Jim Jarmusch wouldn't shake our hands, but the veteran filmmaker immediately apologized for it. He had a cold and didn't want any of the assembled journalists to get sick. It was the second and final Friday of the 12-day Cannes Film Festival, where Jarmusch first made a name for himself as a prematurely gray but still quite young auteur in the mid-80s, and outside a private inn near the French Riviera, the northern Ohio native appeared right at home.
Although he was aware of the middling reviews for his Iggy Pop and the Stooges documentary Gimme Danger—the only nonfiction film in Cannes' official selection—his mood seemed as bright and even as the clear skies above. Perhaps in part that was because Jarmusch was in Cannes with not one, but two films. His latest fictional effort, Paterson, had premiered the previous weekend to the best reviews Jarmusch has landed in a decade.
"These characters might seem on the surface to be clichés,"noted the gently self-deprecating director at the press conference for Paterson, an often very funny drama about the daily comings and goings of a bus driver, played by Adam Driver, who is also a very serious poet, a quietly committed husband, and a technological philistine. He writes all of his poems longhand, in a small notebook, in the context that so many of the great poets have forged their art: While working at a day job. The movie is well steeped in the culture of hybrid poet/laborers, reminding its audience that Wallace Stevens sold insurance and that William Carlos Williams was a doctor.
So full of style as a narrative filmmaker, Jarmusch is still finding his way with nonfiction. "I don't know if we can even call it a documentary," said Jarmusch outside the inn as sunlight beat down on him and the gathering of journalists, iPhones, and baby mics in front of him. He compared his own film negatively to 20,000 Days on Earth, Jane Pollard and Iain Forsyth's stunning Sundance prize-winner about Nick Cave that weaves archival footage and staged scenes with moments of verité documentary."I watched that and was just ready to give up, man," he said with a smile, adding that the use of fictionalized scenes got to the truth about Cave with more authority than a traditional documentary would have. Jarmusch knows that his film isn't trying to "push documentary form" and seems to have no problem with that, even if he is well aware of how exciting things were becoming in that hybrid space between fiction and nonfiction.
One leaves Gimme Danger wondering why Jarmusch didn't give such a strategy a try. Perhaps overfamiliarity set in. The director and his subject have been friends for over 20 years now, and Gimme Danger was a collaboration from the start—Iggy Pop had approached Jarmusch to make the film. When I asked Jarmusch what he learned about Pop in the process of making the film that he hadn't already gleaned in 20 years of friendship, Jarmusch struggled to come up with an answer.

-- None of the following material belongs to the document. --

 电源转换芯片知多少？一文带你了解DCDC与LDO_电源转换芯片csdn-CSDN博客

Initially planning to interview a lot more individuals who had worked with Pop over the years, Jarmusch narrowed the focus of the piece, which opens with one of the Stooges' notorious early 70s break-ups. It ultimately relies heavily on a few interviews and the scant archival footage that exists of early Stooges performances. The movie unearths some bravura archival moments (Jarmusch's archivist on the project, Sierra Pettengill, is one of the best) and his sit-downs are relatively revealing, but the movie is fundamentally lacking a formal character.

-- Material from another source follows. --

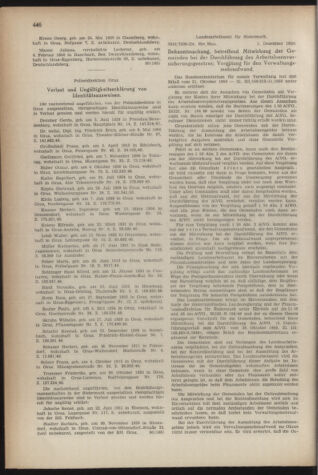 Verordnungsblatt der steiermärkischen Landesregierung 19501222 Seite: 6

One can't say the same thing about Paterson, which feels both like a culmination and a rebirth for the director. Repetition and temp morts, as ever in Jarmusch, have their place, as do the laconic humor slow fades to black, and the droll protagonist. But there's a sweetness to the film, and a sense of longing too, that feels new to his work. He remains in thrall to flat narrative and to the mundanity of everyday life, but not at the expense of feeling. Although not much fuss is ever made about it, Driver is the only white adult character in the film—our working-class artist inhabits a world entirely populated by people of color, from his Iranian wife to his black drinking buddies.
Both films, soon be released by Amazon Studios, are in their own ways portraits of working-class artists from off the beaten track, whose need for self-expression trumps the quotidian facts of their existences. Iggy Pop is, like Jarmusch, a child of the post-industrial Midwest; Jarmusch described his upbringing as middle-class; Iggy Pop famously grew up in a trailer park. In a country that provides little support for young artists that they, or more likely, their families, can provide on their own, the arts are often an iconoclastic pursuit.
When asked who he was when he discovered his kinship with the Stooges, Jarmusch answered quickly: "[I] was probably a 14- or 15-year-old kid in a post-industrial city—Akron, Ohio—looking for some kind of cultural release, for some kind of hope of freedom," he said, and it's a similar release Driver's driver receives from writing poetry. " Gimme Danger is about choosing your own path and both of these films on some level are about that," he said. Fortunately for cinephiles, one could say the same thing about Jarmusch's singular career.
Amazon Studios will release Jim Jarmusch 's Paterson and Gimme Danger later this year.